THE PROBLEM. Could you repeat exactly the lines below, from the line containing "MAJ3S2GE5LC385133 2020 FORD ECOSPORT" through the last one, both included, while leaving out any pictures?

EXTRACTED ENTRIES.
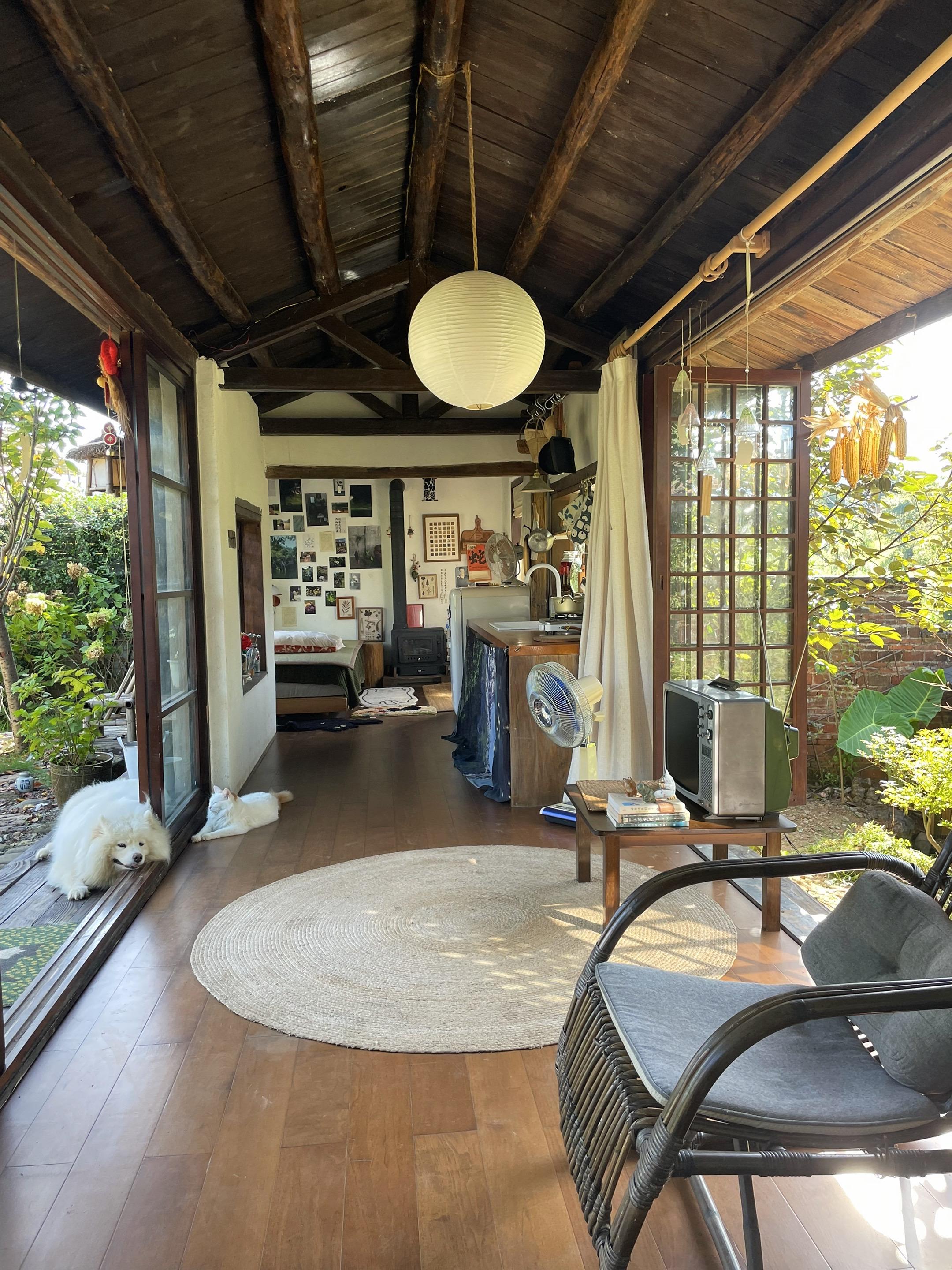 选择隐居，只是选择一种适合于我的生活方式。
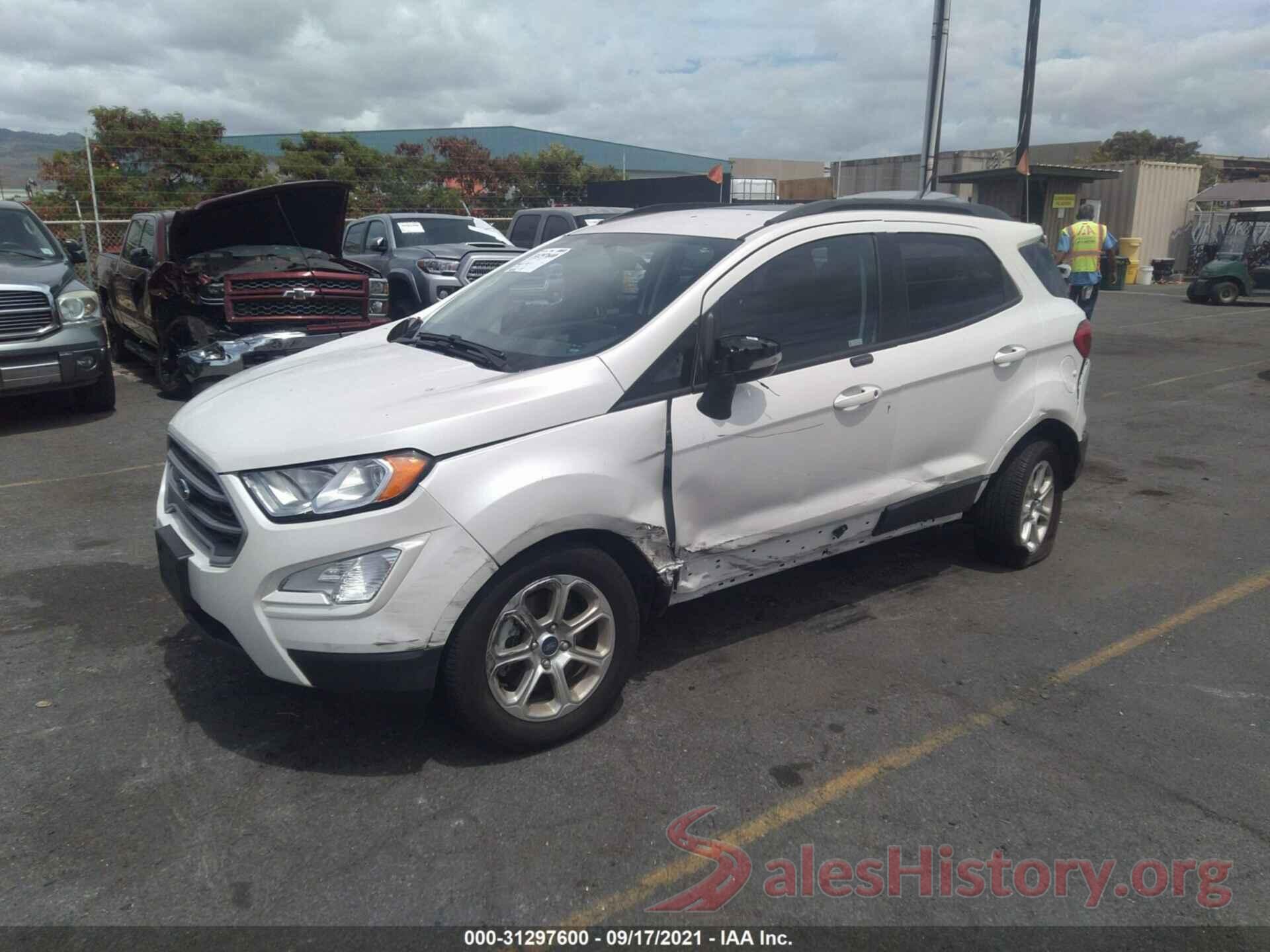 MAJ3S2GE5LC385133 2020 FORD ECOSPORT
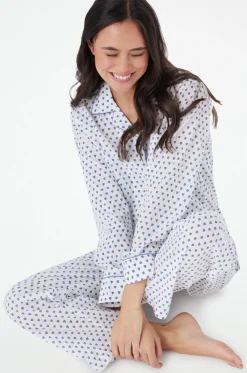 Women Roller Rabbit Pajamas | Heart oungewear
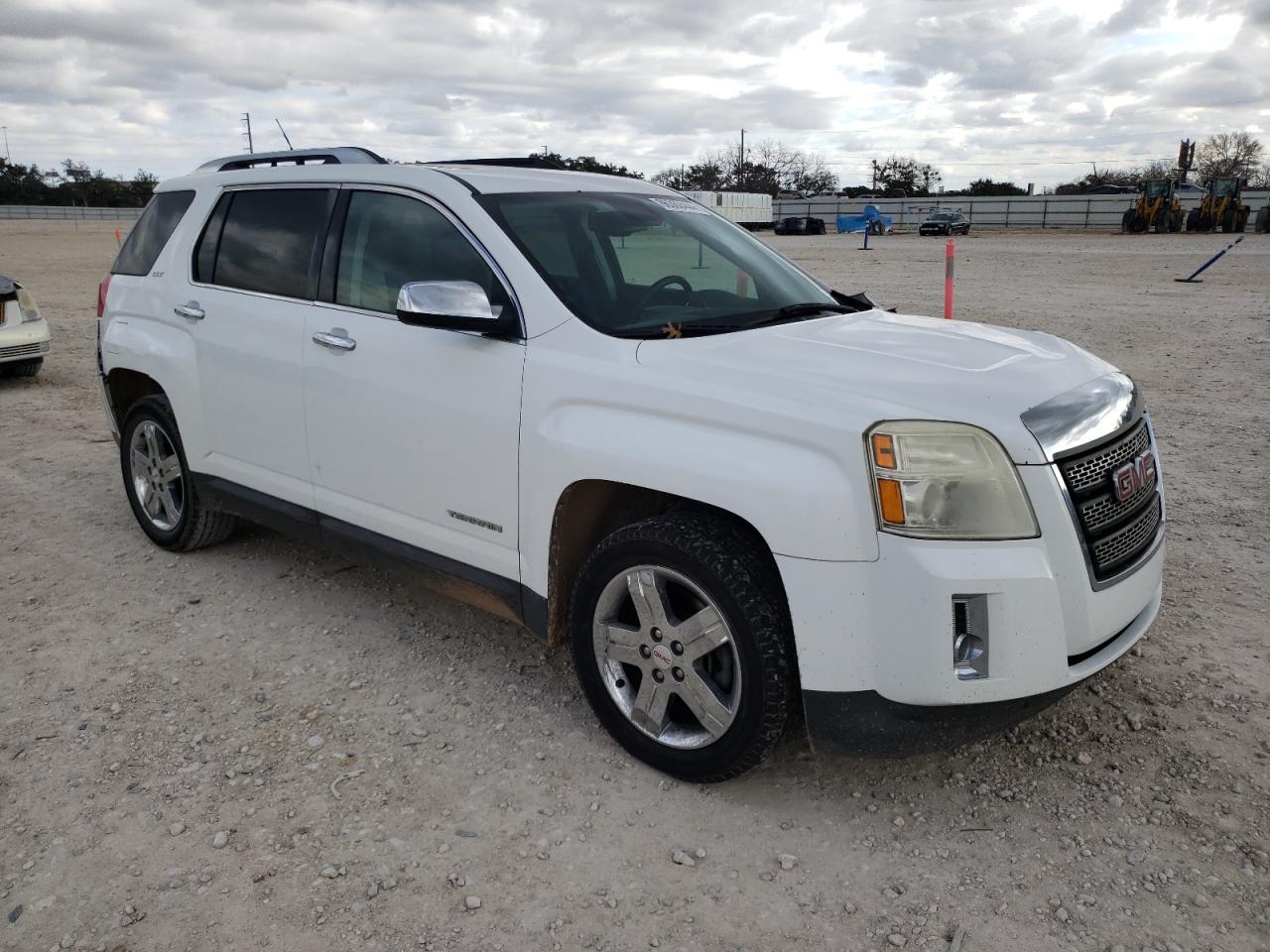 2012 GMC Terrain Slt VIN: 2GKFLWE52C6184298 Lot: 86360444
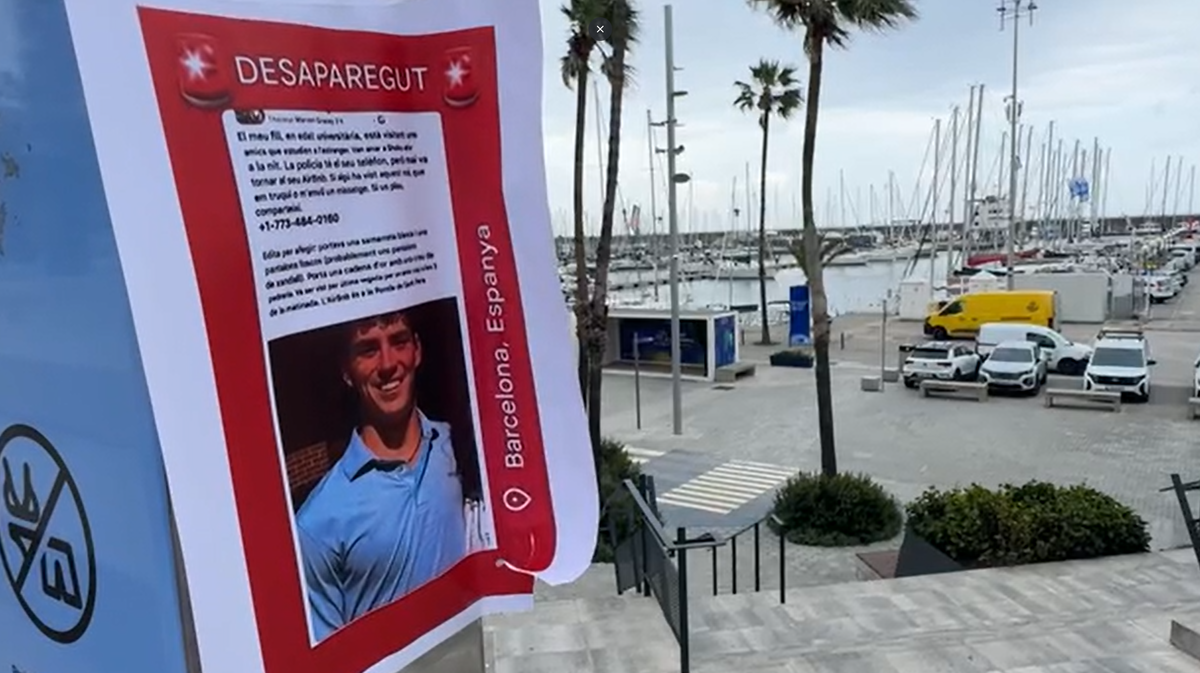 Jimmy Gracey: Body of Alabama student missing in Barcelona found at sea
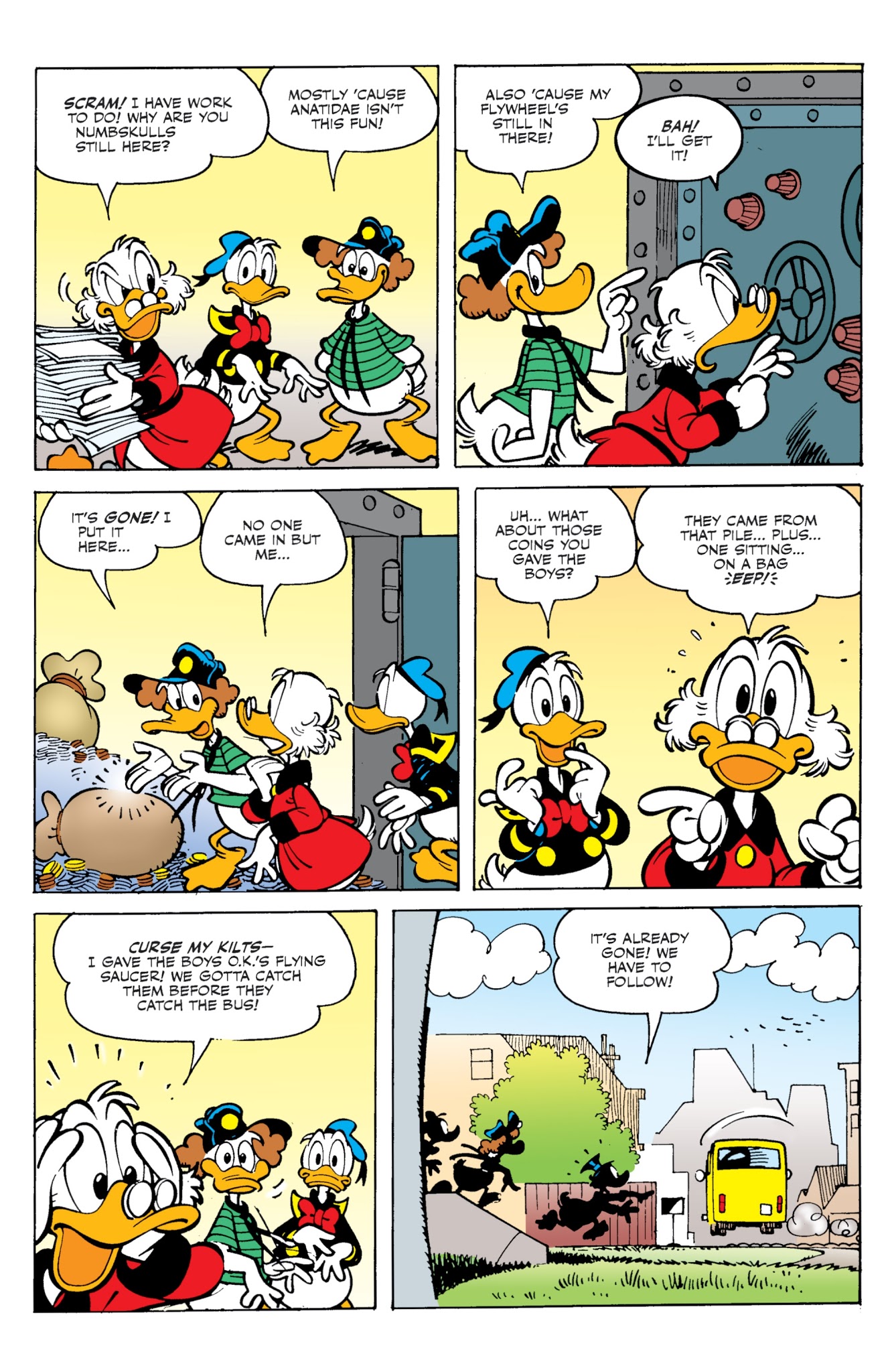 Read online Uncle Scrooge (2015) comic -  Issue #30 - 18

RESPONSE.
 MAJ3S2GE5LC385133 2020 FORD ECOSPORT
 Women Roller Rabbit Pajamas | Heart oungewear
 2012 GMC Terrain Slt VIN: 2GKFLWE52C6184298 Lot: 86360444
 Jimmy Gracey: Body of Alabama student missing in Barcelona found at sea
 Read online Uncle Scrooge (2015) comic -  Issue #30 - 18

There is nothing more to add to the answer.